Ontario youth who have ‘aged-out’ of foster care have been poorly served by a system that doesn’t include their voices or measure their experiences, says a child rights advocate studying at Western.
Jane Kovarikova, PhD candidate in political science, has founded the Child Welfare Political Action Committee to mobilize other advocates for policy change.
Research has shown that those leaving the child protection system at age 18 have poorer life outcomes than their peers, she said, but there’s scant evidence-based research on which interventions work and which don’t.
“We need to get back to the basics, including tracking outcomes after care,” she said. “If you don’t have a baseline and you’re spending money on well-meaning interventions and not checking back on whether they’ve worked, whether they’re helping or harming … that’s a problem.”
Kovarikova is board chair of Simcoe-Muskoka Family Connexions, the first board chair in the agency’s 126 years to have been raised in care. It’s also the same agency that became responsible for her when she entered foster care at the age of six.

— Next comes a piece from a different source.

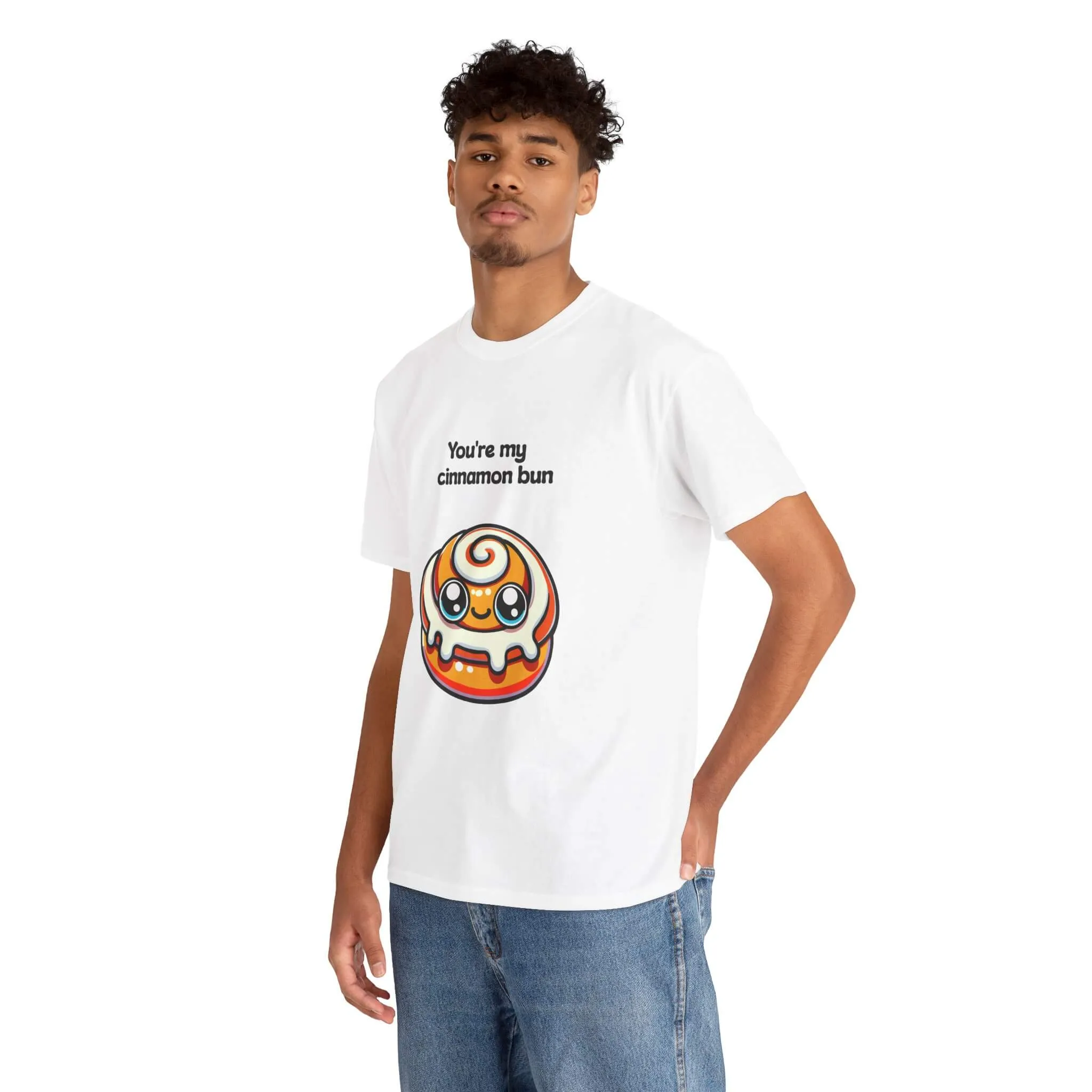 You're my cinnamon Bun T-shirt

She began living on her own at age 16, had attended and left five high schools by Grade 10. She was accepted as a mature student into college and then graduated with MSc in Human Rights from the London School of Economics. She became chief of staff to an Ontario parliamentarian, where she was instrumental in developing legislation that is reducing youth homelessness in Ontario.
Now she is a year away from completing her doctorate under the supervision of Western political science professor Radoslav Dimitrov.

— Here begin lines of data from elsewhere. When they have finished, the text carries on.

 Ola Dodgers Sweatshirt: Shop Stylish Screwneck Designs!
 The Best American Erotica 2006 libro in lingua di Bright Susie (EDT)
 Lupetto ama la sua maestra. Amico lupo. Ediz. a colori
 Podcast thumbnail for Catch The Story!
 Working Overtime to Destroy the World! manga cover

No one, she said, has an idea of how many others may have similar stories – or dramatically different ones – because no one tracks outcomes of children in care once they age out of the system.
Without checking in on the ‘after’ stories of adults who have been in care, it’s impossible to understand which policies and measures work and which ones don’t – in addressing housing, education, parenthood and psychological supports, for example.

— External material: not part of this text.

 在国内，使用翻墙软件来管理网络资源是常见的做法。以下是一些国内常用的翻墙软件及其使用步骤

“There’s never been this push towards evidence-based policymaking. So what do you do about it? You let the data show you,” she said.
And if you are Kovarikova, you also gather a group of people with lived experience and other advocates to lobby for change.
The Child Welfare PAC is lobbying for more evidence-based public policymaking for children in foster care; better access to post-secondary education for young people in care and aged-out of care; improved privacy protection for those raised in foster care; and a mental health strategy that includes practitioners’ training in trauma-informed services.
So far, the group has more than 100 advocates, 60 per cent of them with lived experience.
Kovarikova hopes it will be a path towards more advocacy with and by people who have been in care. “We’ve historically been excluded from decision-making and leadership positions,” she said, and only a few who have been in care sit on boards of directors of Ontario’s dozens of child-welfare agencies. “There has never been a concerted push to include our voices in a concrete way.
“I encourage people with lived experience to get engaged in leadership positions,” she said. “The system won’t really change without their wisdom being fed into it.”